J’ai choisi le premier train du matin. Toute ma vie dans un sac, j’ai choisi de tout effacer, de repartir à zéro. Ma nouvelle vie débute, une vie sans enfance, une vie qui commence à trente ans. Ca n’existe pas les deuxièmes chances. J’ai perdu trente ans, il m’en reste une cinquantaine au maximum pour espérer mieux, même si quoi qu’il arrive, les anciennes douleurs seront toujours là pour gâcher les utopiques bonheurs à venir.


La brume automnale pour seule compagne, j’ai attendu longtemps sur ce quai de banlieue. Quelques voyageurs encore endormis étaient adossées aux murs grisâtres, espérant échapper à l’humidité et à la fraîcheur du jour naissant. Ils semblaient tous avoir la bouche tombante des figures tristes dessinées par les enfants. Depuis quand n’étaient ils plus heureux, peut être depuis plus longtemps que moi ! Je ne me souviens plus quand cela avait commencé. Une progression lente, insidieuse, la morosité des jours identiques, l’érosion des pleurs, l’usure morale, la perte de l’innocence et surtout la lassitude, la fatigue et son ami, le stress qui s’installe et qu’on accepte peu à peu comme un parasite indissociable.


Un haut parleur fatigué a soudain crachoté quelques mots inaudibles, nous prévenant de l’arrivée de mon passeur vers une vie nouvelle. Le train entra en gare à sept heures, soulevant papiers et pages de journaux, emballages et mégots. Je m’assis au hasard dans un wagon à compartiment usé par le poids des âmes errantes.


Ce fut d’abord les zones grisâtres de la ville qui s’éveille, les vieux immeubles du centre où quelques grandes fenêtres éclairées laissaient entrevoir des intérieurs bourgeois tous identiques. Puis venaient les zones de banlieues dites défavorisées, les quartiers dits difficiles. Ici, beaucoup de monde était déjà au travail, peu de lumière, juste des mères amenant leur progéniture bruyante à l’école de l’individualisme et de la dureté.

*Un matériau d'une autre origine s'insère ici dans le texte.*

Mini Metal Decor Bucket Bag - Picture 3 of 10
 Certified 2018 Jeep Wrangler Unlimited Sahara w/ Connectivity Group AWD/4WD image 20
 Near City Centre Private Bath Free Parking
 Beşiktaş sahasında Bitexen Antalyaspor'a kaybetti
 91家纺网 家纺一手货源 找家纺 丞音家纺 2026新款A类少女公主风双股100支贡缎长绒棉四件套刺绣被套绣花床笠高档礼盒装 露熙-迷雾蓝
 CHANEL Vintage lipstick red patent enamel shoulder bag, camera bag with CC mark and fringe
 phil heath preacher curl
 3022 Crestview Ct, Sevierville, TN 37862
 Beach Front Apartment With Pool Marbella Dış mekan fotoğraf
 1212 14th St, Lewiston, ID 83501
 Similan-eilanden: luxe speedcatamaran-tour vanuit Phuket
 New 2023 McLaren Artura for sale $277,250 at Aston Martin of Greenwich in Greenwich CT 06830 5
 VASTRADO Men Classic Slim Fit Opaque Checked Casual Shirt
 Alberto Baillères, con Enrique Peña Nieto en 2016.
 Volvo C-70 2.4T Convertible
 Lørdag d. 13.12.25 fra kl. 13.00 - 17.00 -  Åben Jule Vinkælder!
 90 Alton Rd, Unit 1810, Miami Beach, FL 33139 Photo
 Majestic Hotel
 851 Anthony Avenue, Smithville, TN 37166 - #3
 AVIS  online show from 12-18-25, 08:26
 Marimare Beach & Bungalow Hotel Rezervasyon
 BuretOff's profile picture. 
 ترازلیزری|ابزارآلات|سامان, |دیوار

Enfin, ce fut les zones industrielles, les métalliques locaux inondés de lumière où des dizaines d’hommes et de femmes épuisaient leur énergie sur des machines vertes. Quelques visages aperçus, un regard saisi, des dos courbés par les années de labeurs mécaniques et la campagne arriva, s’ouvrit devant moi, les champs à perte de vue. Quelques arbres bordant la voie brisèrent mon regard et m ‘emplirent de cette douceur intemporelle propre aux voyages ferroviaires. Je me souviens avoir eu envie de fumer, comme un dernier relent d’autodestruction, j’ai eu envie de contempler le tabac rougeoyant, de sentir cette toxine âcre tapisser ma gorge.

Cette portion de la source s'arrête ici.